We build data protection into all our activities from the outset and keep it under review. Measures include:

• Appointing a suitably qualified DCO and an external DPO and providing the resources they need to maintain expertise and oversight.
• Only collecting and using the personal data necessary for each purpose, in line with the data protection principles (see section 6).
• Completing DPIAs whenever processing is likely to result in a high risk to individuals’ rights and freedoms, or when introducing new technologies or large-scale processing of special category data.
• Integrating data protection into our policies, procedures and privacy notices.
• Providing regular training to staff and keeping attendance records.
• Reviewing and auditing our privacy measures regularly.
• Maintaining records of our processing activities (ROPA) including contact details, categories of data and subjects, purpose, recipients, retention, security measures and any international transfers.
• Publishing contact details for the organisation, DCO and DPO and making our privacy information easily available to data subjects.

Data Protection Impact Assessments (DPIAs)
A DPIA is a process to help us identify and minimise the data protection risks of a project.

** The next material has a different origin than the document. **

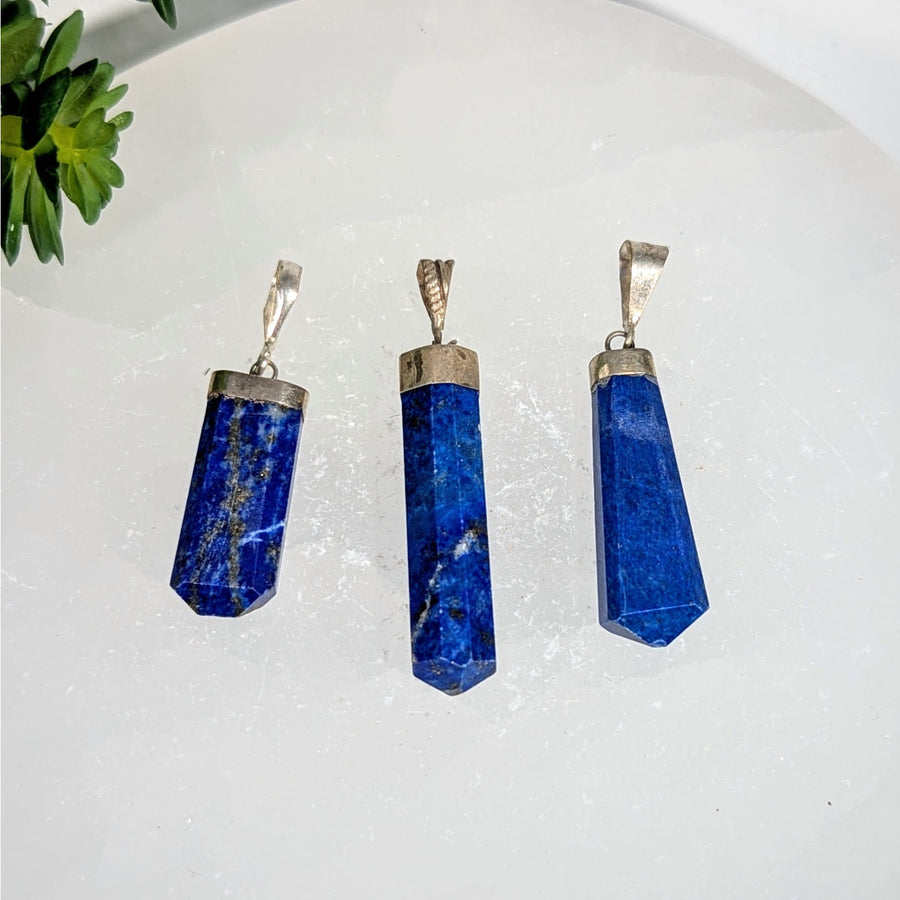 Three polished blue lapis lazuli point pendants with silver caps, 1.5-2 inches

We will conduct a DPIA for processing that is likely to result in a high risk to individuals as well as any other major project which requires the processing of personal data. It is vital that the DPIA is completed before processing is commenced to ensure that all risks are identified and mitigated as much as possible.

Our DPIA will:

• describe the nature, scope, context, and purposes of the processing;
• assess necessity, proportionality, and compliance measures;
• identify and assess risks to individuals; and
• identify any additional measures to mitigate those risks.

To assess the level of risk, we will consider both the likelihood and the severity of any impact on individuals. High risk could result from either a high probability of some harm, or a lower possibility of serious harm. We will consult our DPO and, where appropriate, individuals and relevant experts. We may also need to consult with relevant processors. If we identify a high risk that we cannot mitigate, we will consult the ICO before starting the processing. We will implement the measures we identified from the DPIA, and integrate them into our policies, procedures, and practice.

15. Disposal of Records

Personal data that is no longer needed will be disposed of securely. Personal data that has become inaccurate or out of date will also be disposed of securely, where we cannot or do not need to rectify or update it.

For example, we will shred or incinerate paper-based records and overwrite or delete electronic files. We may also use a third party to safely dispose of records on our behalf. If we do so, we will require the third party to provide sufficient guarantees that it complies with data protection law.

All disposal of records will be carried out in accordance with our Data Retention Policy.

17. Training

All team members receive data protection training as part of their induction. We also provide refresher or update training whenever changes in legislation or our own processes make it necessary. Data protection awareness is included in our continuing professional development programme to ensure staff maintain good understanding and compliance.

18. Monitoring Arrangements

This policy is reviewed at least annually by the DCO in consultation with the DPO and is presented to the Senior Leadership Team for approval. It will also be reviewed sooner if there are significant changes to data protection law, regulatory guidance, or our processing activities.

20. Links with Procedures

If any team member or data processor discovers or suspects a personal data breach, they must immediately notify the DCO. This will trigger our Personal Data Breach Procedure so that the incident can be assessed and managed promptly.